Fondé au Caire en 1996, le siège opérationnel de l’association a but non lucratif est basé à Rome, dans les bureaux de la RAI qui en assure le secrétariat général depuis sa fondation. L’association réunit aujourd’hui environ 60 associés et base son action sur une formule de coopération multilatérale qui vise à la valorisation et à l’échange de compétences. La COPEAM est engagée dans la formation (en particulier au journalisme) en mobilisant des jeunes professionnels provenant de médias des deux rives de la Méditerranée. Elle coordonne des coproductions internationales radiophoniques et télévisuelles et des actions de promotion du patrimoine audiovisuel euro-méditerranéen.
Mais peut-on vraiment s’en tenir aux échanges de compétences sans interroger les cadres publics dans lesquels ils s’exercent ? Aujourd’hui plus que jamais, s’interroger sur « l’actualité », sur la production de contenus audiovisuels et numériques, c’est questionner les liens entre langage et politique. De sa production à sa réception, de sa fabrication à sa consommation, il n’y a pas d’actualité qui ne soit prise dans un rapport de force entre l’univers du langage et le champ du politique.

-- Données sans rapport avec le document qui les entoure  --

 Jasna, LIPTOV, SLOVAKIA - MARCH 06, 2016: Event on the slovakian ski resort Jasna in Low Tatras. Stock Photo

Un risque que les choix techniques balaient les questionnements politiques
le 30e anniversaire de la Conférence marque trois décennies consacrées à la volonté de renforcer la coopération entre les médias de la région méditerranéenne et les relations Nord-Sud à travers activités et projets conjoints soutenus par l’UE.
Depuis sa création, l’idée de créer une chaîne euro-méditerranéenne a plusieurs fois été évoquée mais sans avancées suffisantes pour pouvoir aboutir. Lorsque l’on prend connaissance du comité de direction 2022-2024 — réunissant des télévisions et radio publiques françaises, croates, jordanienne, libanaise, égyptienne, palestinienne, roumaine, italienne, albanaise, espagnole, tunisienne et turque — on imagine que le tour de table d’un tel comité doit souvent produire des résonances difficilement démêlables. Il est ainsi à craindre que les débats et réflexions sur une coopération multilatérale euro-méditerranéene aboutissent à un « méditerranéisme » creux. On voit mal, du reste, comment l’Union européenne peut parvenir à avancer si elle se pense comme une actrice rassembleuse des médias publics de la Méditerranée.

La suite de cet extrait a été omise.